Ora, fischiettando come se niente fosse, si batte come un leone contro il Porcellum che aveva dettato lui e addirittura promuove una raccolta di firme per reintrodurre le preferenze che aveva bocciato lui. E se nel '95 osteggiava il governo Dini nemico del “bipolarismo che abbiamo costruito”, oggi il nemico del bipolarismo è lui, Pierfischiettando: infatti sogna la grande coalizione e non vuol saperne di una legge elettorale che costringa i partiti a dichiarare prima del voto con chi si alleeranno. Un uomo tutto d'un pezzo. O d'un prezzo. Dopo aver votato una trentina di leggi vergogna in favore dei corrotti, invoca un giorno sì e l'altro pure la legge anticorruzione. E promette, ça va sans dire, liste pulite: “Riteniamo sia giusto presentare un'offerta politica composta da persone perbene”. Fantastico.

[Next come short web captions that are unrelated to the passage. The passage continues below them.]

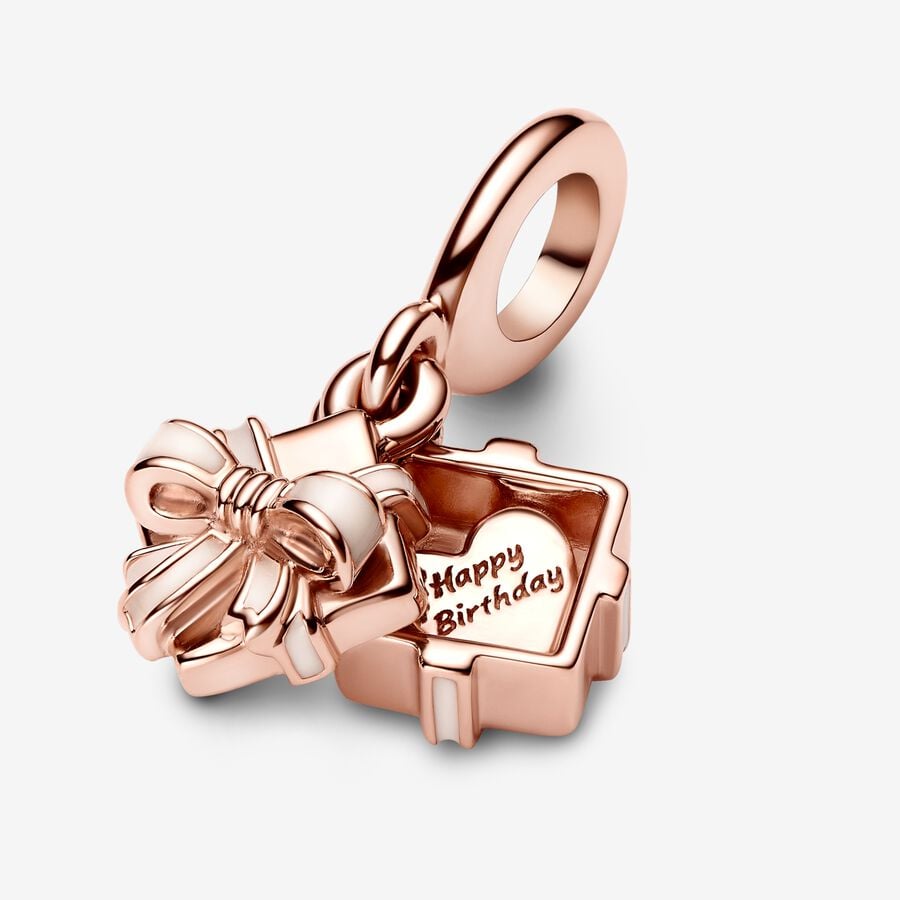 Happy Birthday Gift Openable Dangle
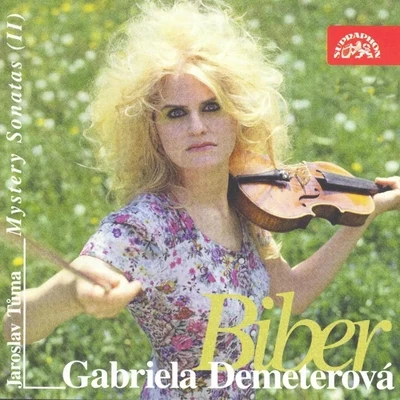 Biber: Mystery Sonatas, Vol. 2 專輯 Gabriela Demeterová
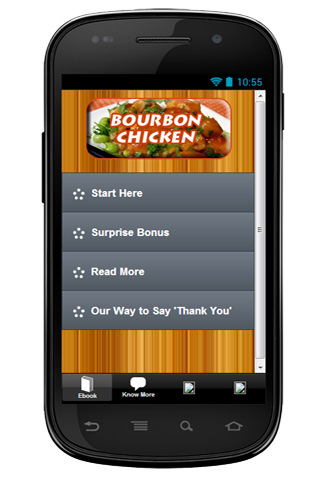Recipes Bourbon Chicken
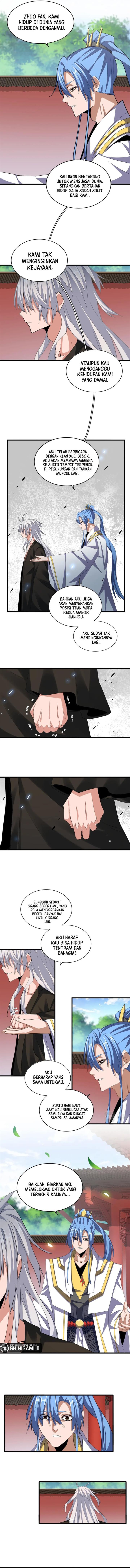 Read Magic Emperor ID Manga Online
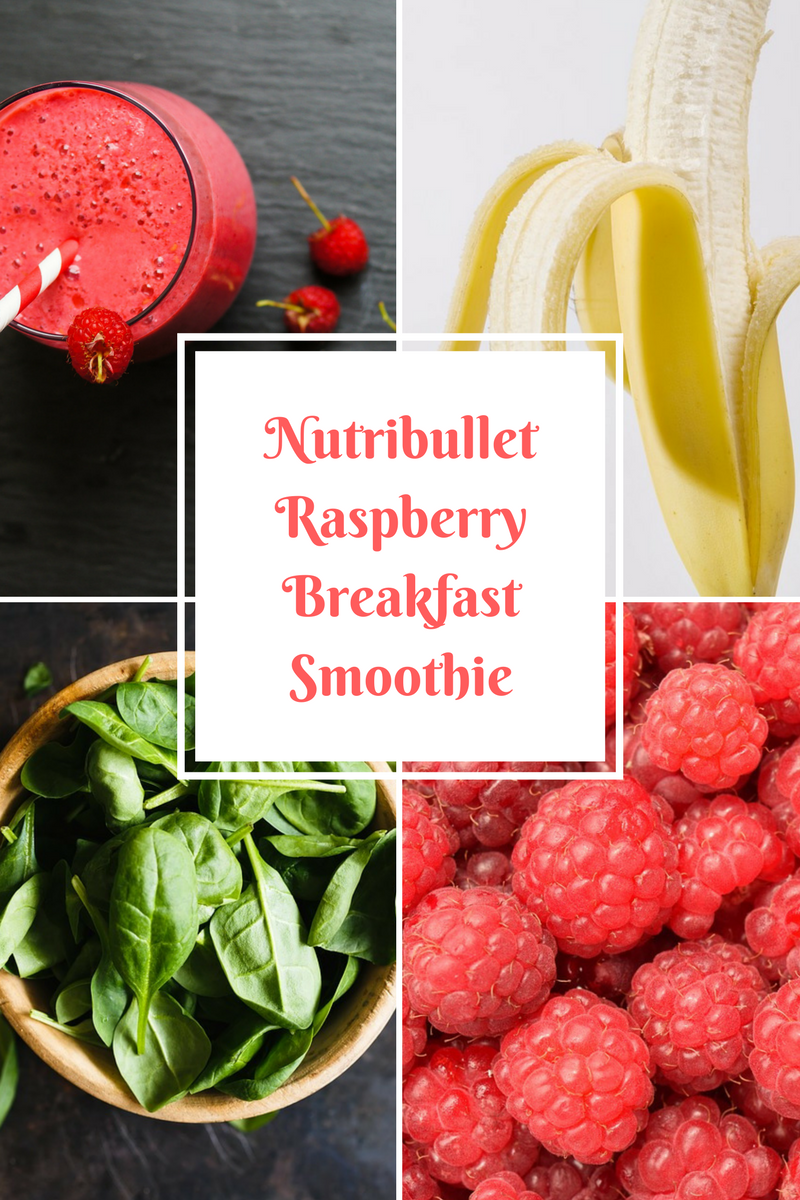 Nutribullet Raspberry Breakfast Smoothie Nutribullet Raspberry Breakfast Smoothie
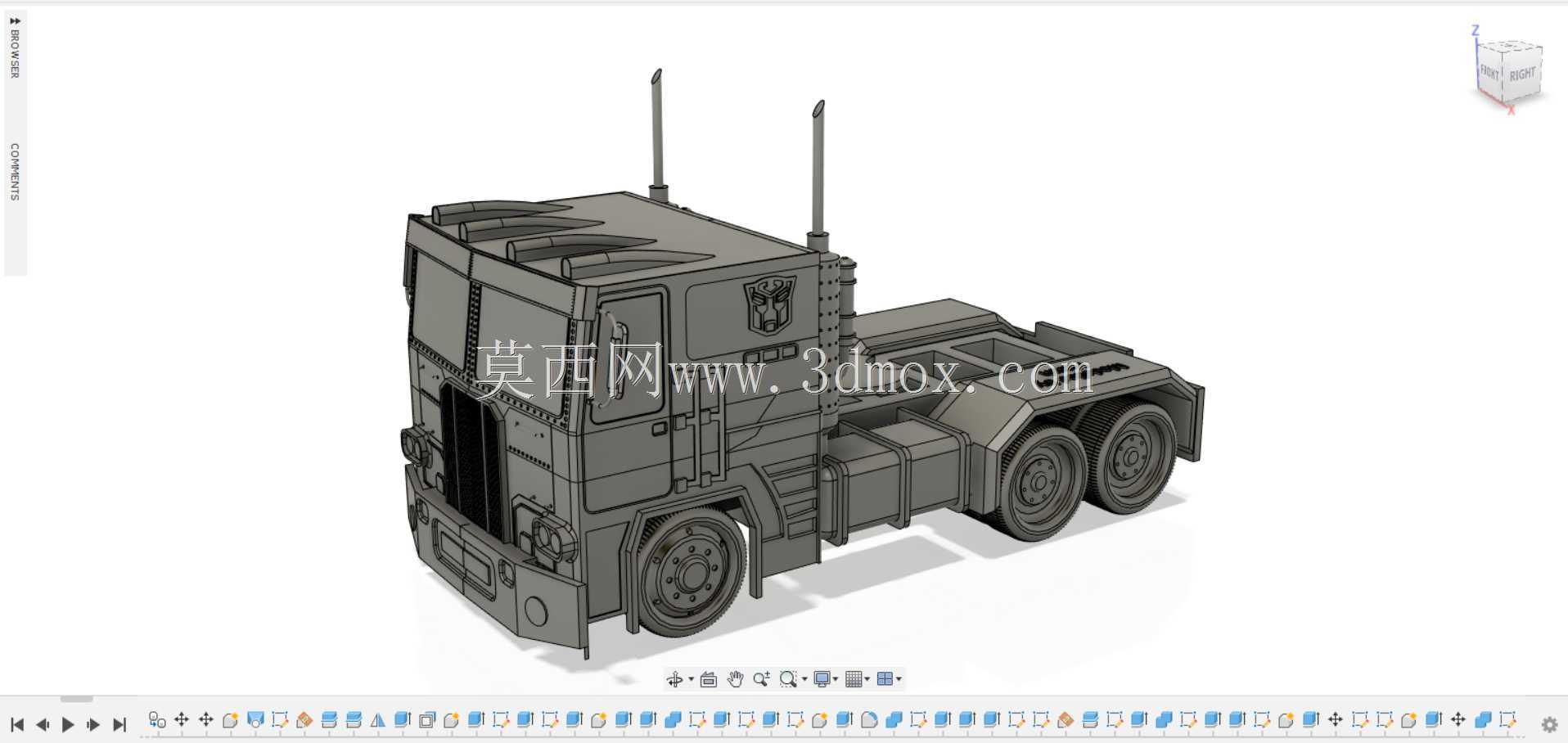 Optimus Prime Freightliner Fl86����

Ma forse chi, come il Pd, vuole portarlo all'altare dovrebbe pretendere qualche garanzia più precisa, visti i precedenti. Stiamo pur sempre parlando del formidabile talent scout che portò in Parlamento Totò Cuffaro, Calogero Mannino e Saverio Romano quand'erano imputati per storie di mafia (il primo fu poi condannato e gli altri due assolti, però Mannino è di nuovo sotto processo per la trattativa fra lo Stato e Cosa Nostra). Ora non vorremmo che Pierfischiettando ci ricascasse, visto che ai suoi raduni sfilano abitualmente Paolo Cirino Pomicino (due condanne definitive: finanziamento illecito e corruzione), Giorgio La Malfa (una condanna per finanziamento illecito), Lorenzo Cesa (reo confesso di una dozzina di tangenti e salvato per un vizio di forma), Emma Marcegaglia (la cui azienda di famiglia ha patteggiato per corruzione), lo stesso Passera (indagato per frode fiscale) e alcuni emissari di Italia Futura di Luca Cordero di Montezemolo (condannato in primo grado per abusi edilizi).

Urge chiarimento sul concetto di “persone perbene”.